«Quand vous aurez suffisamment dégoûté et démotivé celles et ceux qui croient et investissent dans cette réforme, il sera trop tard pour venir vous plaindre de la baisse du niveau, des dérives comportementales des élèves, en clair de la qualité de votre école.» Mardi à la tribune du Grand Conseil, le dépôt de l'initiative parlementaire radicale sur l'évaluation dans l'Ecole vaudoise (Le Temps du 17 janvier) a pris l'allure d'une attaque frontale. Visés? les libéraux, qui récoltent depuis une semaine des signatures pour le retour des notes en classe.

Le député de Prilly Alain Gilléron, maître secondaire lui-même, a saisi l'occasion de manifester «à titre personnel» son ras-le-bol d'enseignant pro-EVM: «Mesdames et messieurs les initiants libéraux, continuez comme ça, et vous aurez créé le plus grand capharnaüm scolaire de suisse.»

Avant cette diatribe, l'élu radical s'était attaché à souligner l'antagonisme fondamental des démarches concoctées par les deux cénacles de droite. Pour lui, «il n'y a pas photo». Dans l'initiative populaire libérale, il a dénoncé un remake du référendum de 1996, qui avait vu le peuple vaudois accepter EVM: «Il s'agit de remettre ce vote en question, et de dépouiller la réforme d'un de ses outils essentiel, l'évaluation sans moyenne.» La solution radicale, préserve à l'inverse cette absence de moyenne: «Elle laisse aussi au parlement et au Conseil d'Etat le soin de trouver une solution politiquement recevable, et rapidement applicable dans le terrain.» Les libéraux, qui saluaient dans leur dernier journal de parti, la démarche radicale ne sont – pour le moins – pas payés de retour. Reste qu'au centre-droit, la défense d'EVM n'est pas monolithique. C'est un autre radical, l'Aiglon Charles-Pascal Ghiringhelli, qui est venu contredire Alain Gilléron en lui opposant l'insatisfaction des parents: «Que vous le vouliez ou non, dans l'école, il faut compter avec les parents.»

Initiateurs de ce débat scolaire, qui promet d'occuper largement le terrain politique de l'année, les libéraux ont choisi mardi de rester en retrait. «Je constate que l'école va mal, qu'elle nous préoccupe tous, même si nous proposons des solutions différentes», s'est bornée à dire leur présidente Claudine Wyssa.
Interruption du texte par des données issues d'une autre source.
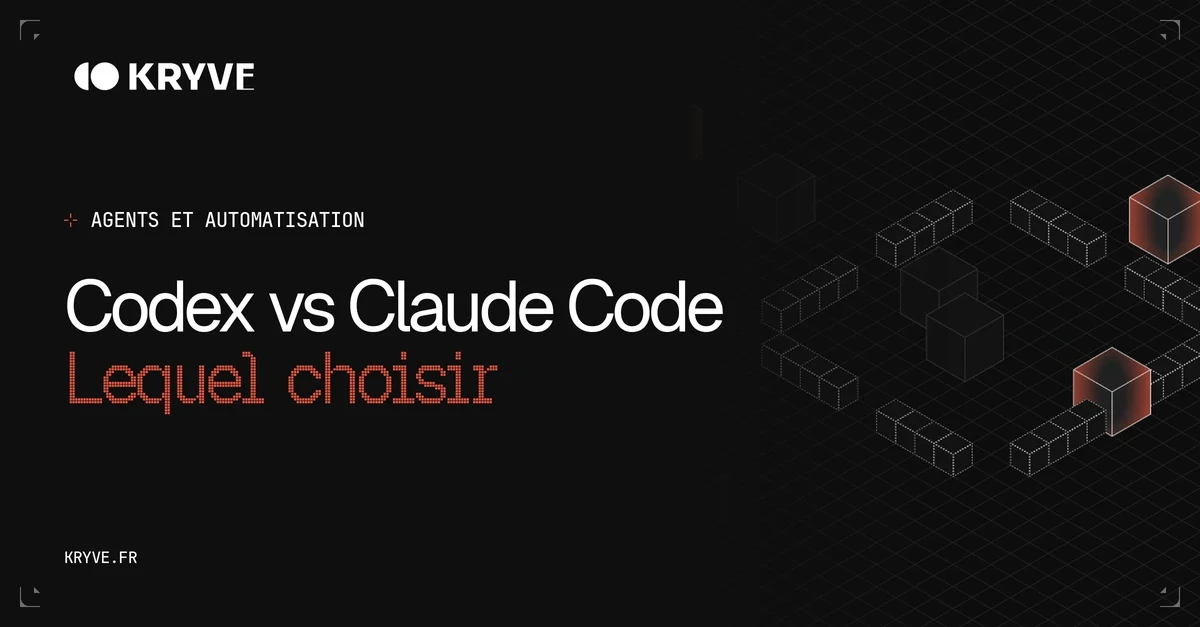 Codex vs Claude Code, lequel choisir : couverture Kryve graphite et corail, catégorie Agents et automatisation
Il est vrai que l'heure n'était pas au débat de fond, qui n'interviendra que lorsqu'une commission aura rapporté sur la proposition radicale.

Face à cet intense combat entre cousins, les autres partis se trouvent quasi cantonnés dans le rôle de spectateurs. Au terme d'un comité cantonal qui s'est tenu lundi, les socialistes soulignent «leur perplexité» devant les deux textes. Ils les rejettent l'un et l'autre pour soutenir EVM. Ils souhaitent toutefois qu'un élève faible dans une branche puisse toujours se rattraper dans une autre, et que le rôle de l'évaluation des comportements soit clarifié. Ils demandent aussi une école qui continue à se réformer structurellement pour être moins sélective. Le POP les rejoint sur ce terrain, réclamant «la démocratisation des études».

Aucune formation n'a nié la nécessité d'ouvrir largement le débat scolaire. Le renvoi en commission de l'initiative radicale a ainsi été très largement voté, avec la bénédiction du président du gouvernement Charles Favre, qui a très brièvement pris la parole, en l'absence de la cheffe du Département de la formation, Francine Jeanprêtre, dont la chaise vide avait quelque chose de symbolique.

Des propositions attendues

Les attentes politiques insatisfaites se cristallisent en effet sur les contre-propositions du DFJ, qui sont toujours dans les limbes. Celles-ci devraient représenter un bilan intermédiaire d'EVM, défendre les acquis jugés intouchables, et esquisser les corrections possibles. En principe, ces propositions devraient faire l'objet d'une vaste discussion, et circuler dès la fin du mois auprès de tous les membres de la commission consultative de l'enseignement. Pour Philippe Martinet, coordinateur d'EVM, il s'agit de procéder à des aménagements dès la prochaine rentrée. Ce qui pourrait couper l'herbe sous les pieds des libéraux et des radicaux.